Before we get into too much else, we have to mention Tesla. Did they make the first electric vehicle? Absolutely not. In fact, electric vehicles have been around since the 1800s, but Tesla was the first mass produced fully electric vehicle that actually succeeded. The reasons for this could probably be debated by people much smarter than me, but that wouldn’t change how many Teslas I see on the road every day here in Atlanta (and every other city I’ve been to in recent years). The fact is, they made it work. This helped jumpstart the EV market as other automobile manufacturers had no choice but to try and follow suit with their own line of electric cars, trucks, and SUVs. And here we are today.
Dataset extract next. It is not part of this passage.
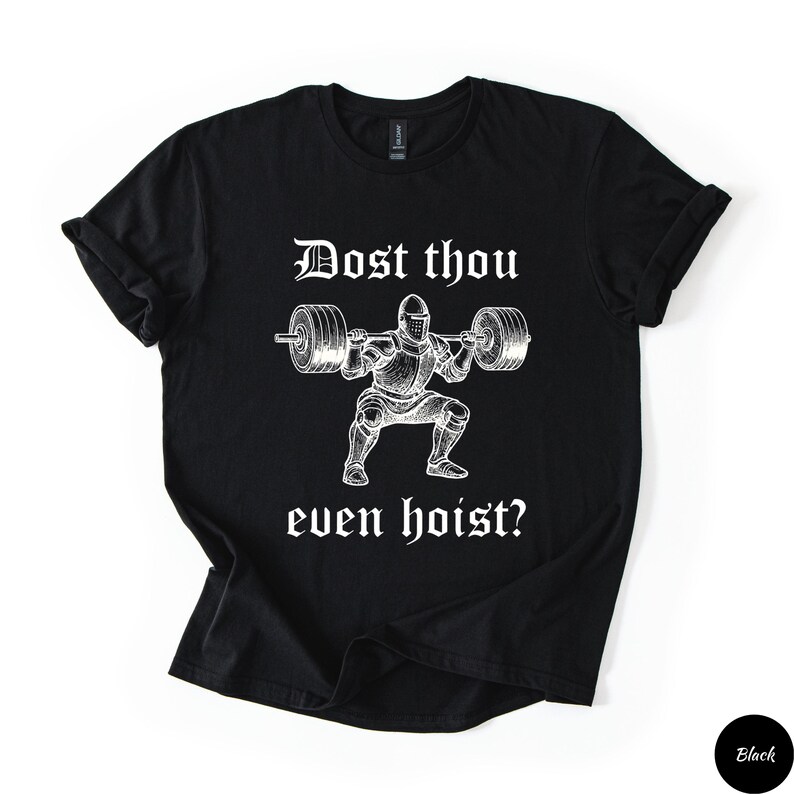 Op de afbeelding: Zwart T-shirt met een witte afbeelding van een ridder die een halter heft. De tekst "Dost thou even hoist?" staat erboven en eronder. Het shirt heeft opgerolde mouwen en een ronde hals.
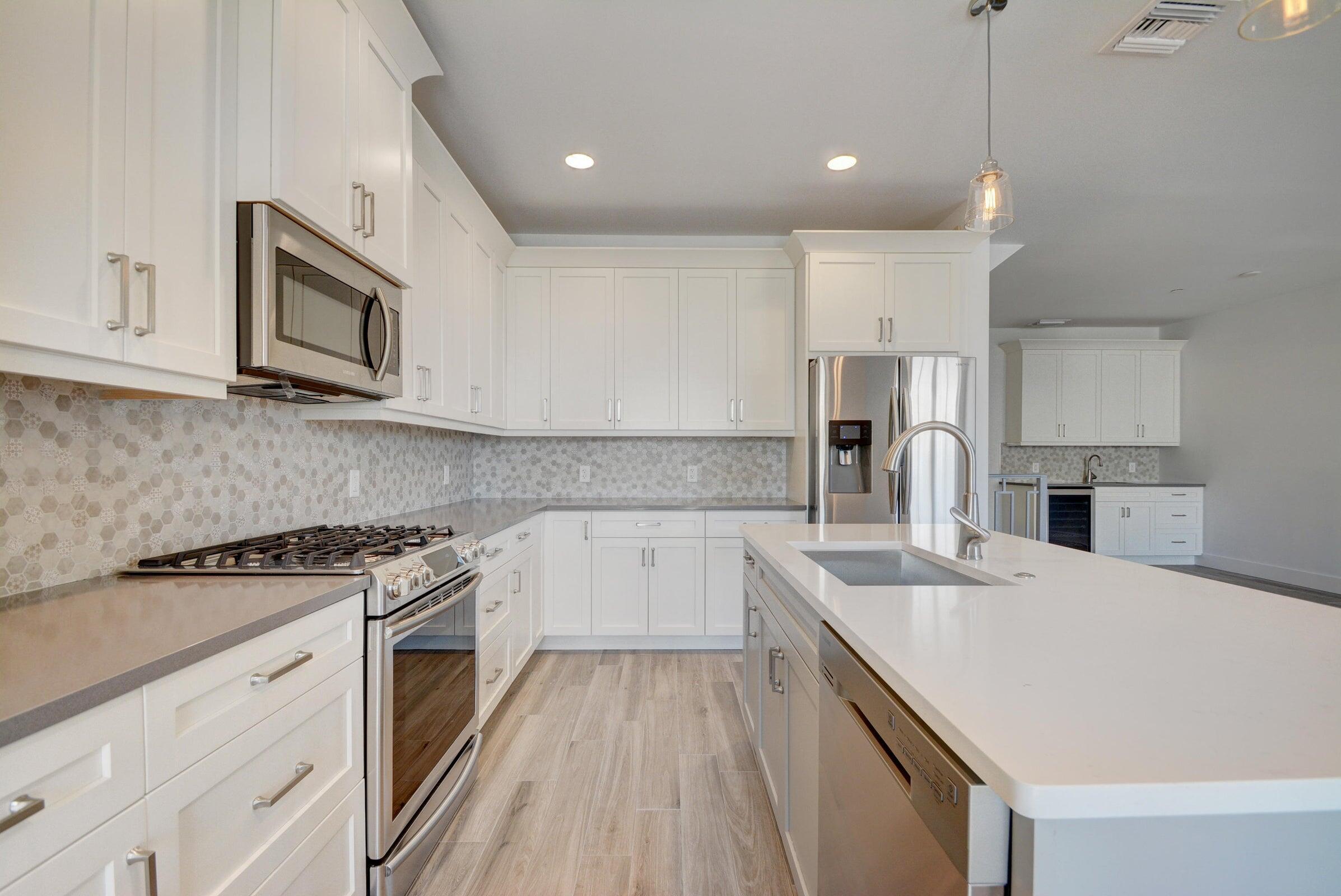 3770 County Line Road, Unit C2 Tequesta, FL 33469 - Photo 13 of 27 a kitchen with a sink a stove and oven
In 2021 the sales of electric vehicles doubled to about 6.6 million, and we are now selling more EVs in a week than we did in all of 2012. Earlier this year, Car And Driver put an article together listing and describing all EVs expected in the next 5 years. It’s a long list and just about every automobile manufacturer you’ve heard of (and some you haven’t) is a part of it. According to Reuters, EVs accounted for about 8% of auto sales in 2021 and are already close to 10% in the first quarter of 2022. They also claim that it could reach 33% by 2028 and 54% of total sales by 2035. While that is pretty amazing growth, what’s actually driving it?
There are some obvious reasons for the growth of the EV market like gas prices or environmental concerns, but there is a lot more to it than just that. The advancement of batteries and their affordability has been a major factor in allowing the growth of EVs. Like everything else, as affordability increases, so does demand. The base price for a Tesla Model 3 is currently in the mid $40,000s. For the sake of comparison, the base price for the Lexus IS V6 is also in the mid $40,000s. Yes, that is still a hefty price for many of us, but if you are looking for a small sedan in that price range, you would definitely have the option to go electric. Toyota itself currently has about 15 future electric vehicles they are working on including sports cars, cargo vans, and everything in between. They probably wouldn’t be doing that if they thought no one would be able to afford them once released. As the advancement of batteries and other technologies in EVs continue, the option to go electric will become available to more and more of us each year.
All of this points to the continued growth and eventual majority for EVs in the automotive market. Maybe this is good or maybe it’s bad, but it is happening whether we want it to or not. It’s hard to say how long this process might take, although it’s looking like most of us will see EVs take over the automotive market within our lifetime.